So its cheap then and swirl free. I think not. There is no way you can clean a very dirty car on the cheap swirl free with a spray and a microfibre. Believe me i wash my car with all kit and i struggle to keep my black paint swirl free.


----------



## -Kev-

by common sense i mean use it as any other quick detailer, i.e wash the car first


----------



## bero1306

-Kev- said:


> by common sense i mean use it as any other quick detailer, i.e wash the car first


This is not what this product is for. Its a AIO cleaner where no water is used mate. If you require a QD just buy one.


----------



## -Kev-

bero1306 said:


> This is not what this product is for. Its a AIO cleaner where no water is used mate. If you require a QD just buy one.


im aware of what it is thanks, a QD with carnauba content. others have used it as a QD with no problems. im not the one asking about this product btw


----------



## bero1306

I know but you are the one that quoted me. 

I know someone who tried this waterless wash system and it worked out expensive per wash and imo when taking mud of your car with a microfibe it will swirl. If you have no access to water then i guess its ok. The End. :thumb:


----------



## alan_mcc

I have two bottles of it and it's ****e.

It's good like Kev said for a wipedown when the car is clean and dry but useless at anything else. Oh and screenwash that comes with it is the best I've ever used :thumb:


----------



## chillly

Found it to be a very good product on paint and glass. One of the best uses for me is if you have the odd panel to do due to bird bombs tree sap etc etc and you dont want to wash the whole car. Instant clean and protection until you wish to do more. Is it worth having trying ? Yes


----------



## pebblemonkey

I have two bottles of this that my mother(qvc addict!) bought me. Came with 8 nice micro-fibers too:thumb: She thought it would save me time cleaning my car....bless her.
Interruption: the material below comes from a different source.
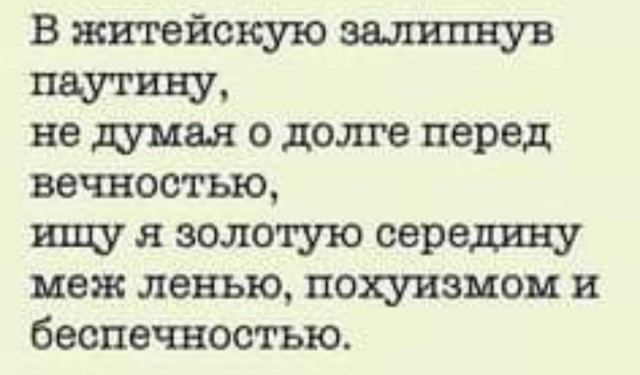 Весёлый полтишок 30.03.22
Anyway I use it every now and then as a QD after washing and it does leave a very nice gloss finish. Going to give it a go over the coli on the the Gf's mini and see if I can get another few weeks out of it. I don't think I would buy it myself though.


----------



## Jsmcn68

I've used it at times as a wax + sealant in 1 after washing our Blue Focus as I found it removes water marks and is also far easier to apply and buff up than Megs Nxt wax and probably provides the same protection and shine although on my own Panther black Focus I prefer to use Blackhole glaze, Jetseal sealant and then Dodo wax purple haze wax lol. I have a workmate who uses it as a waterless wash and swears by it even stating it removes Tar but I for one wouldn't recommend it except as a quick wax.


----------



## Lowiepete

I really don't know why this product always seems to be the focus of such
polarised views. It's definitely the "Marmite" of detailing. However, when it's
used properly this is a very effective cleaner and wax AIO. Things like tar,
bird-bombs, tree-sap and even water-spots are all easily within its cleaning 
scope. If you want stainless-steel that won't finger-mark for a while and 
spotless glass, then again it's fantastic. 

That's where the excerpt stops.